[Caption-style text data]
——

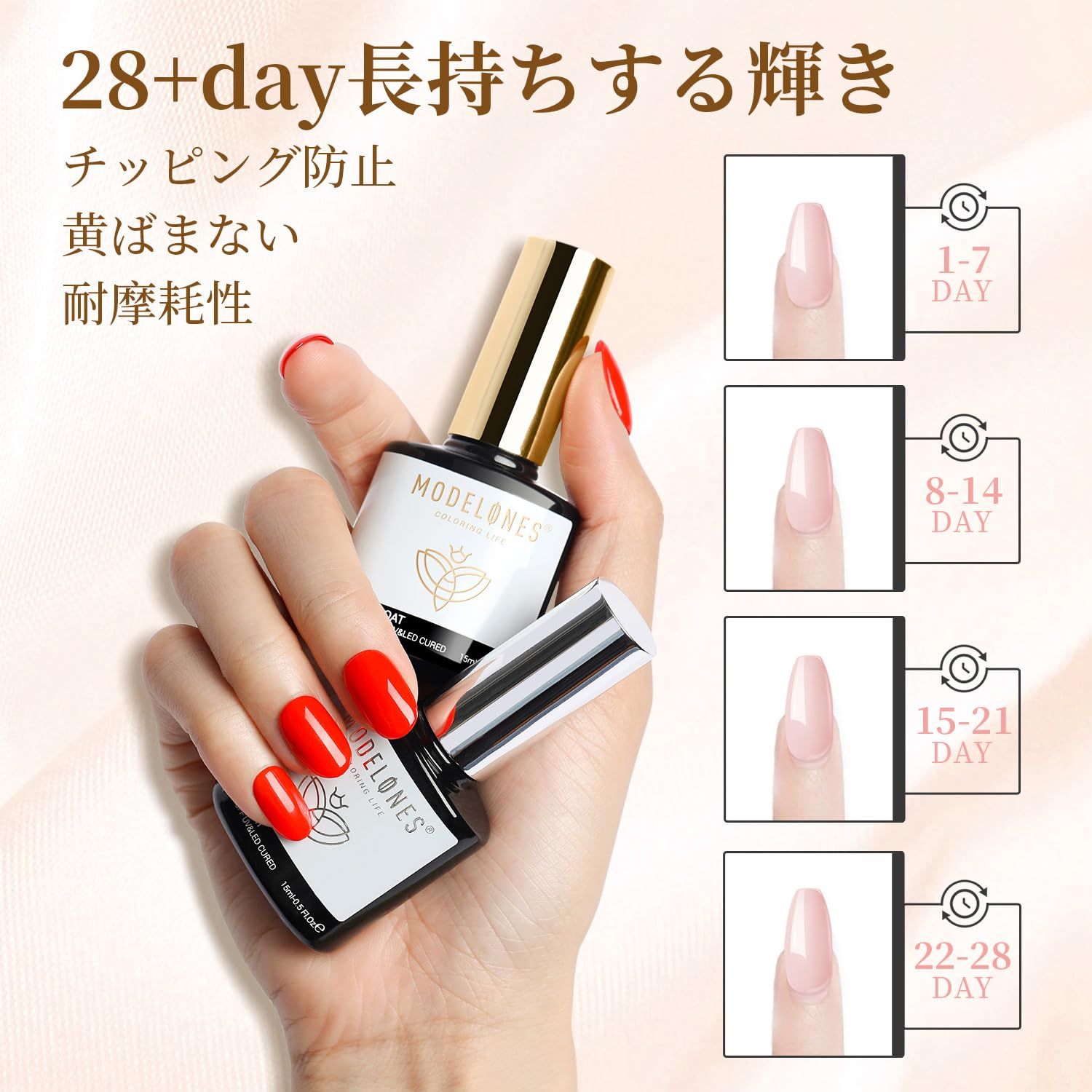 匿名】Modelones ジェル 15ml だる ベースコート ネイルビルダー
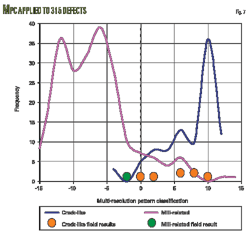 Pennwell web 500 467 Pennwell web 500 467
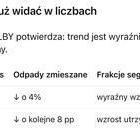 Fotka nr 1 z 2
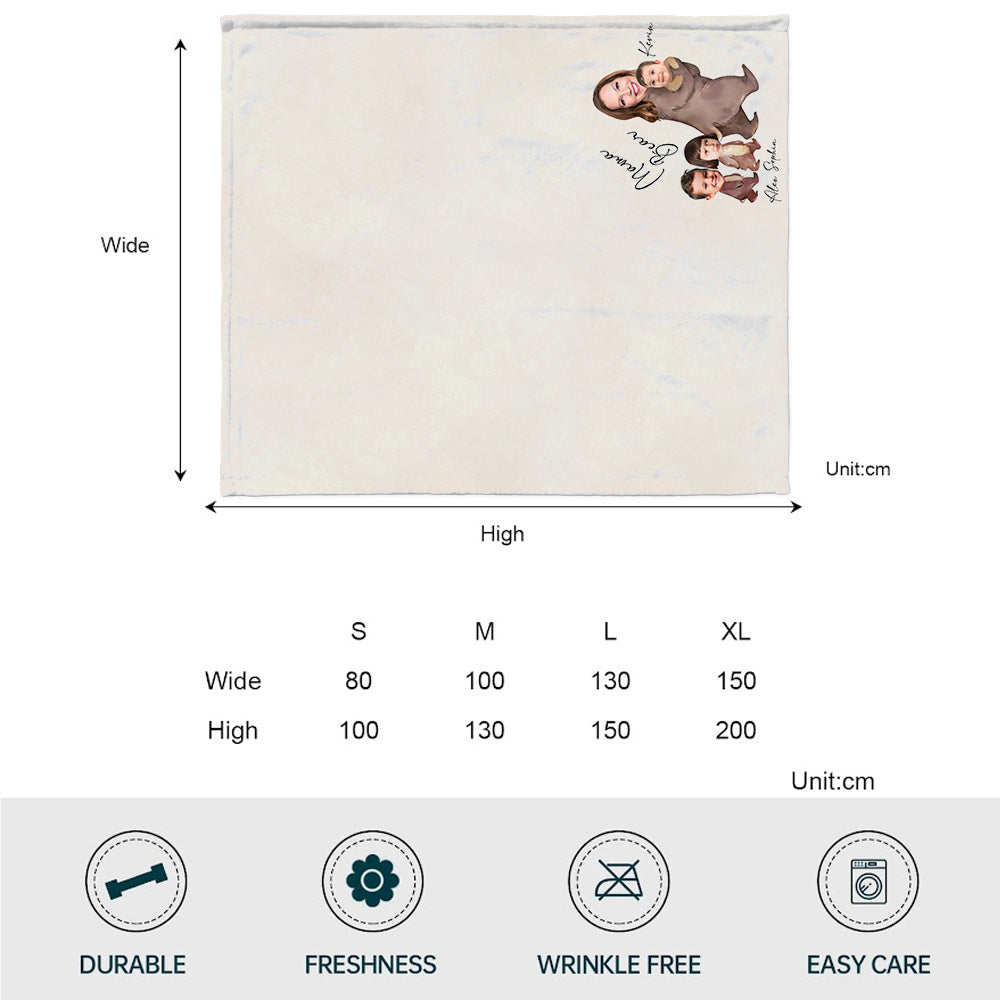 Aquarellfoto von Mama Bär – Personalisierte Mutterdecke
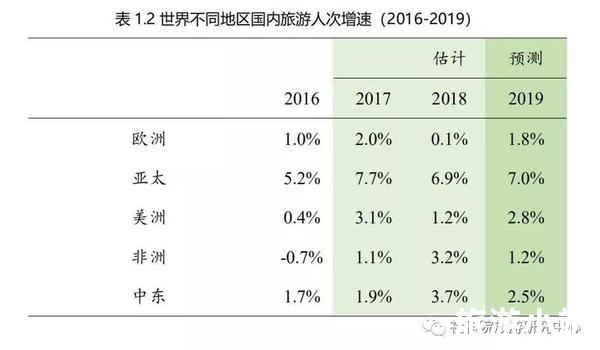 亚太市场的细分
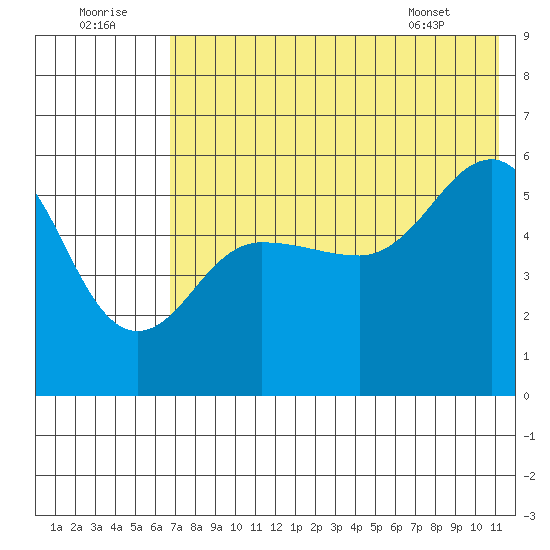 Unimak Island tide chart for Friday, July 22, 2022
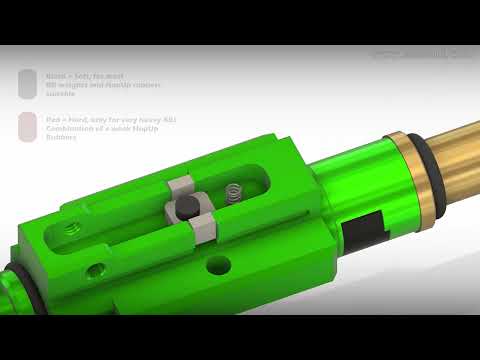 Begadi MPAX - English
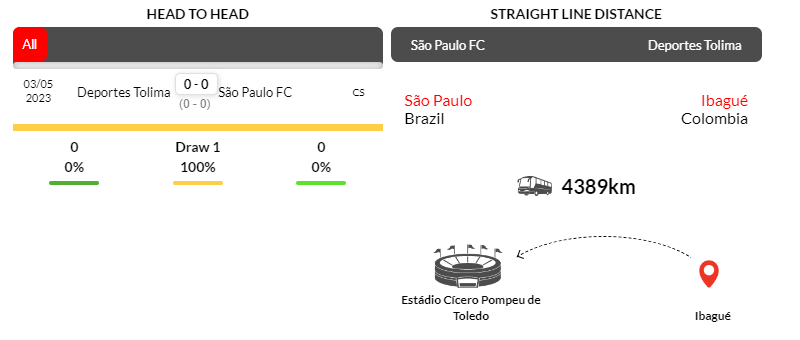 Lịch sử đối đầu giữa Sao Paulo vs Tolima trong trận mới nhất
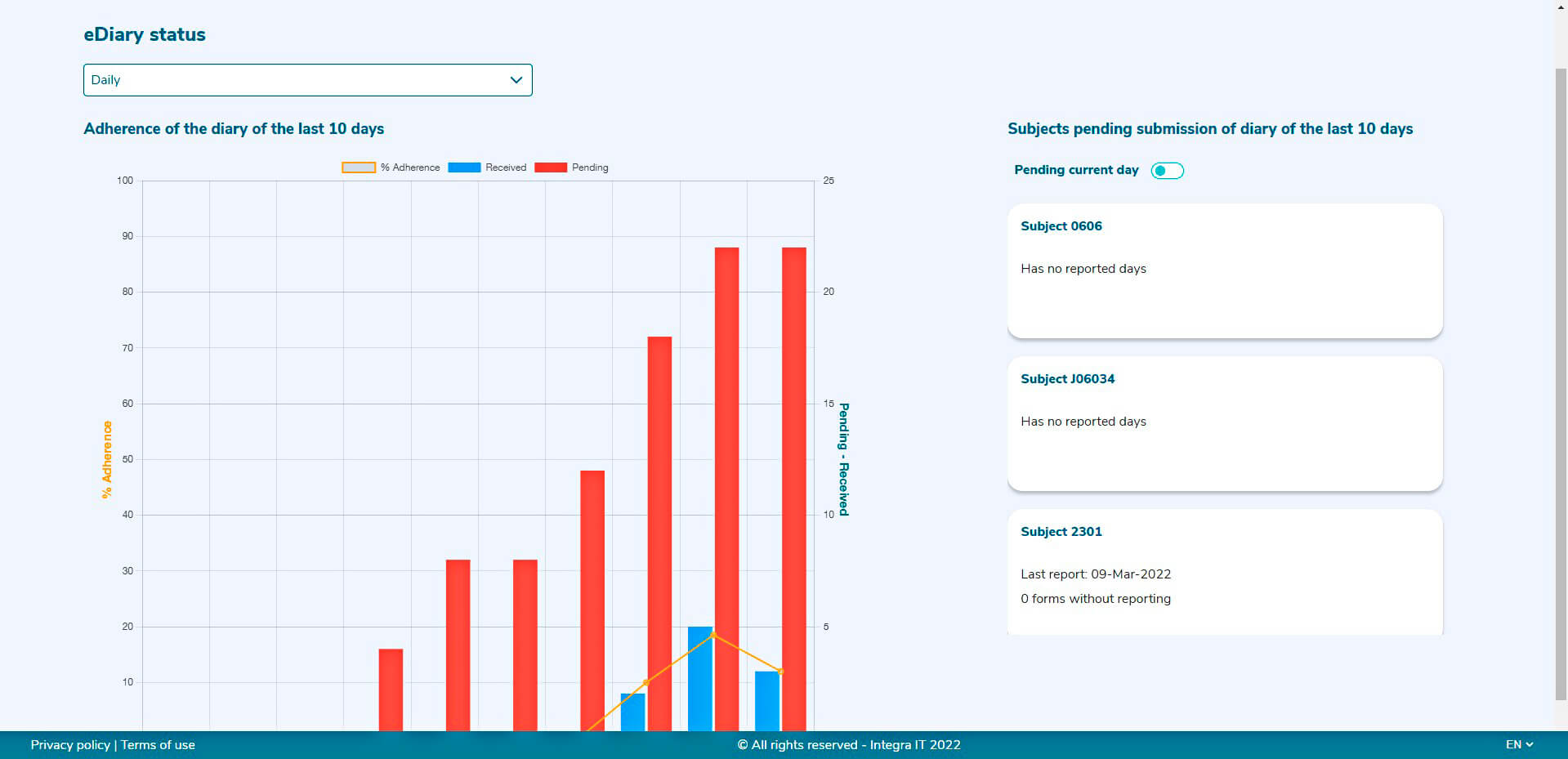 Adherence Metrics TrialPal Site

——

*Task statement*
From the first line to the last, retype the entries above exactly, minus the pictures.

*Response*
 匿名】Modelones ジェル 15ml だる ベースコート ネイルビルダー
 Pennwell web 500 467 Pennwell web 500 467
 Fotka nr 1 z 2
 Aquarellfoto von Mama Bär – Personalisierte Mutterdecke
 亚太市场的细分
 Unimak Island tide chart for Friday, July 22, 2022
 Begadi MPAX - English
 Lịch sử đối đầu giữa Sao Paulo vs Tolima trong trận mới nhất
 Adherence Metrics TrialPal Site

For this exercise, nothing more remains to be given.